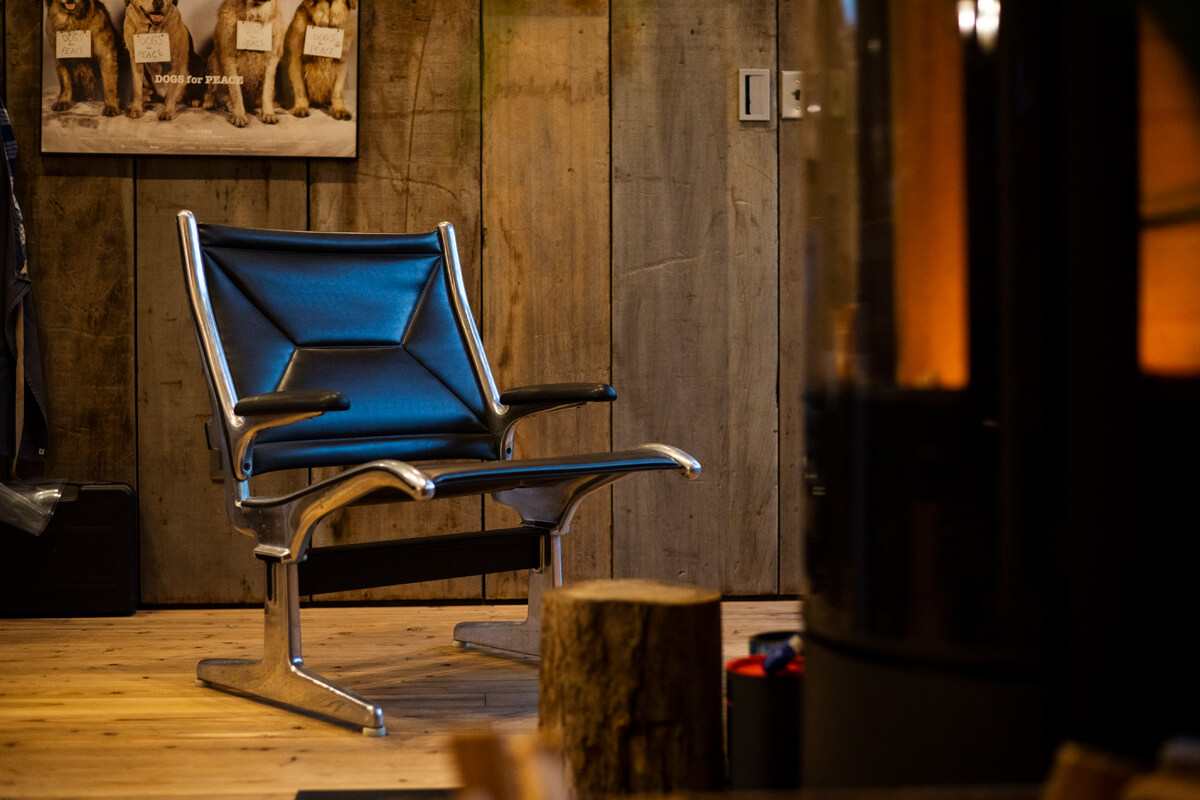 薪を楽しむための特等席に置かれた椅子は空港で使われているデザインチェア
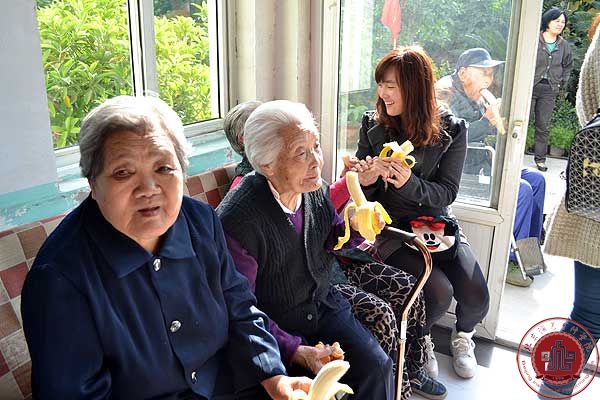 “爱在文管 温暖人心” 慰问活动 “爱在文管 温暖人心” 慰问活动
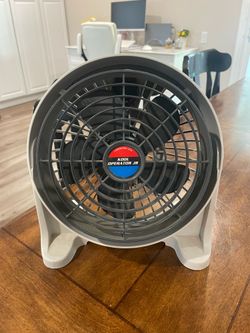 Desk fan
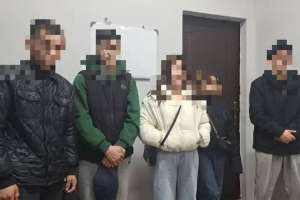 Бойжеткенмен танысқан жігіттер ақшасыз қалған: Алматыда қарақшылар тобы ұсталды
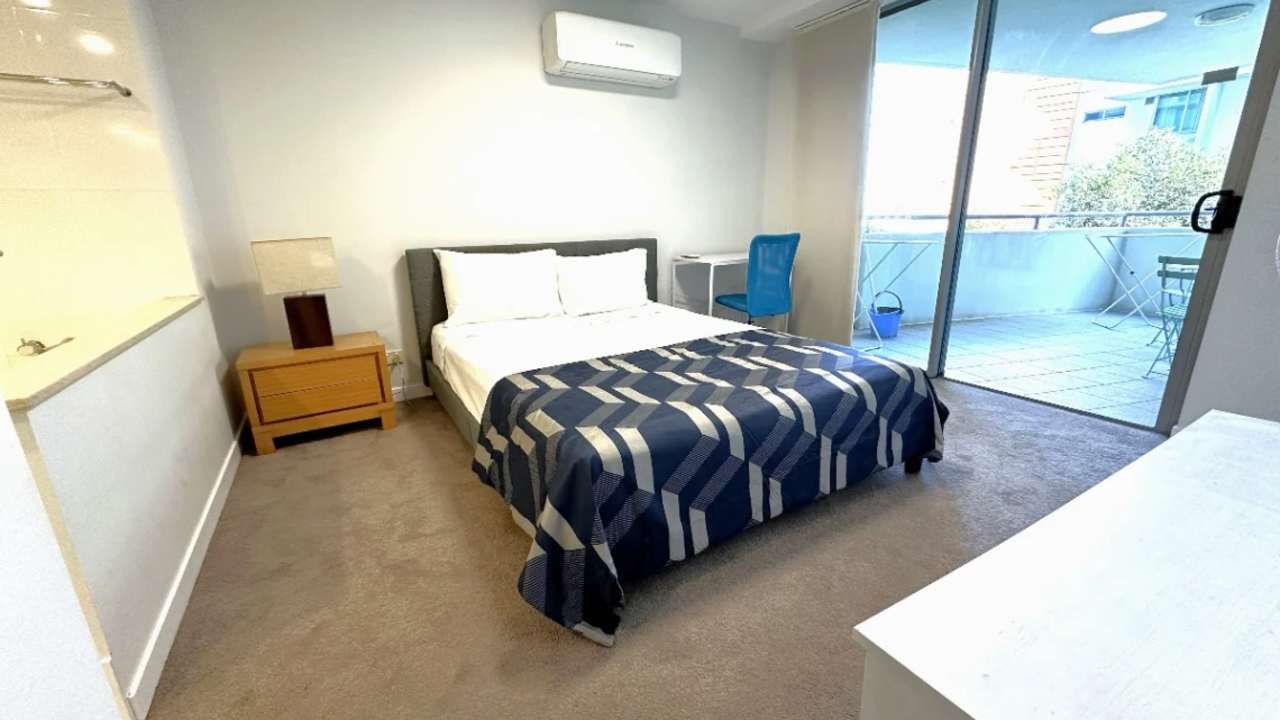 Furnished room with ensuite in a flatshare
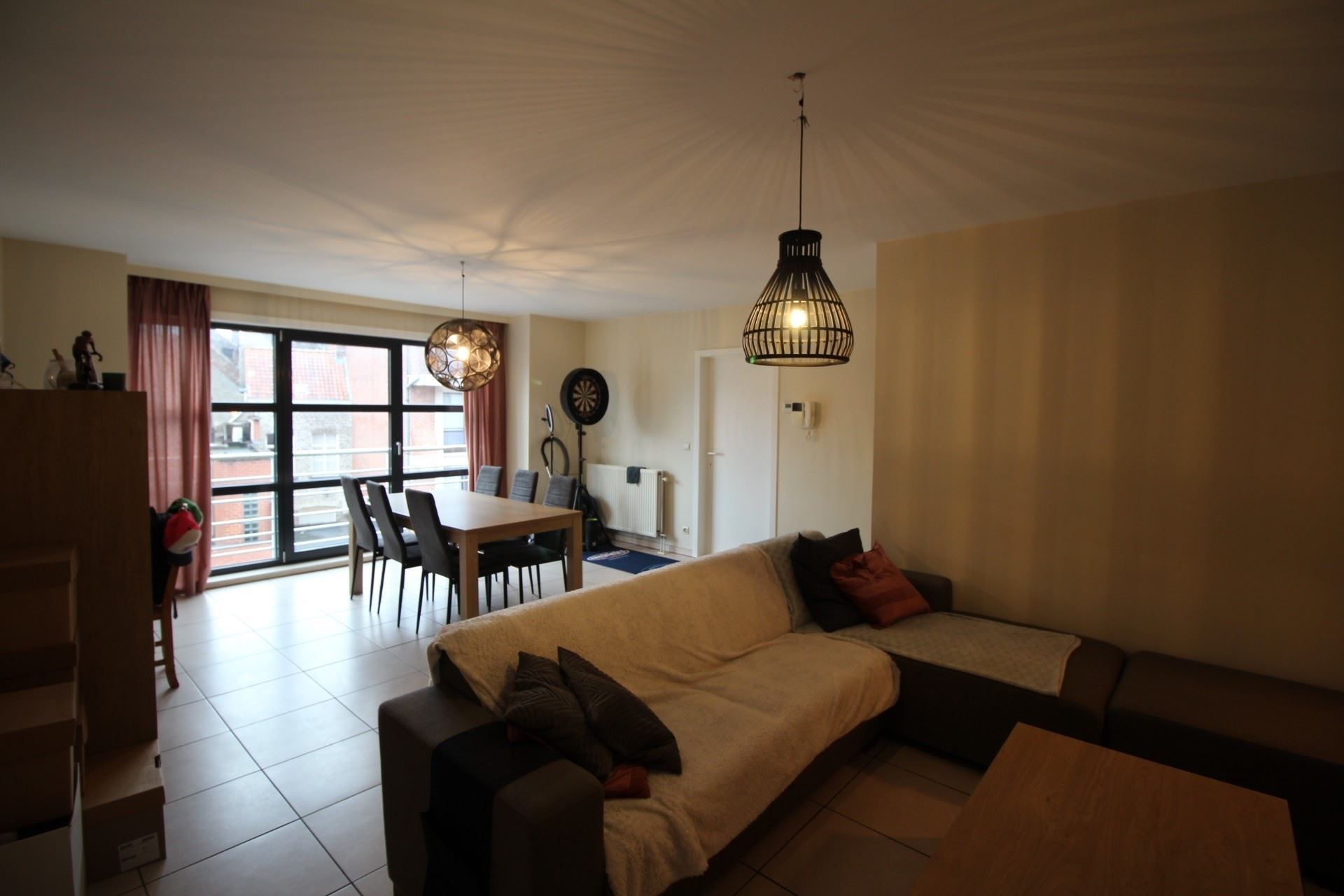 Ruim 2-slaapkamer appartement te huur, grote afgesloten garage inbegrepen. foto 4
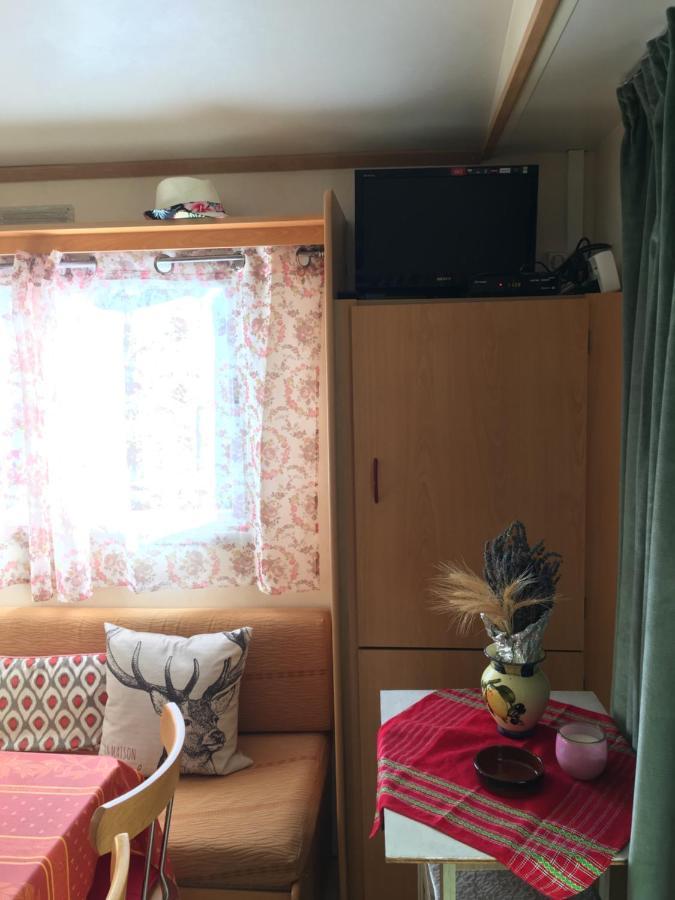 Mobile Home Avec Parking Chorges Exterior photo
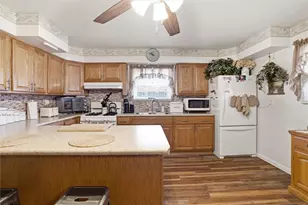 908 15th St, Forward Township, PA 15037 - Photo 11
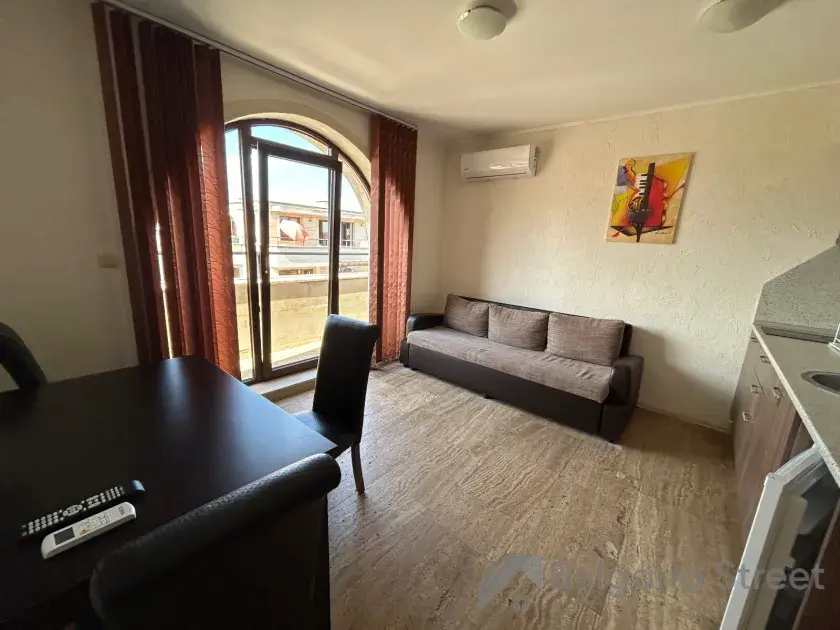 диван и стол в гостинной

════════════════════

Write out the material exactly, excluding pictures.

» RESPONSE BOX
 薪を楽しむための特等席に置かれた椅子は空港で使われているデザインチェア
 “爱在文管 温暖人心” 慰问活动 “爱在文管 温暖人心” 慰问活动
 Desk fan
 Бойжеткенмен танысқан жігіттер ақшасыз қалған: Алматыда қарақшылар тобы ұсталды
 Furnished room with ensuite in a flatshare
 Ruim 2-slaapkamer appartement te huur, grote afgesloten garage inbegrepen. foto 4
 Mobile Home Avec Parking Chorges Exterior photo
 908 15th St, Forward Township, PA 15037 - Photo 11
 диван и стол в гостинной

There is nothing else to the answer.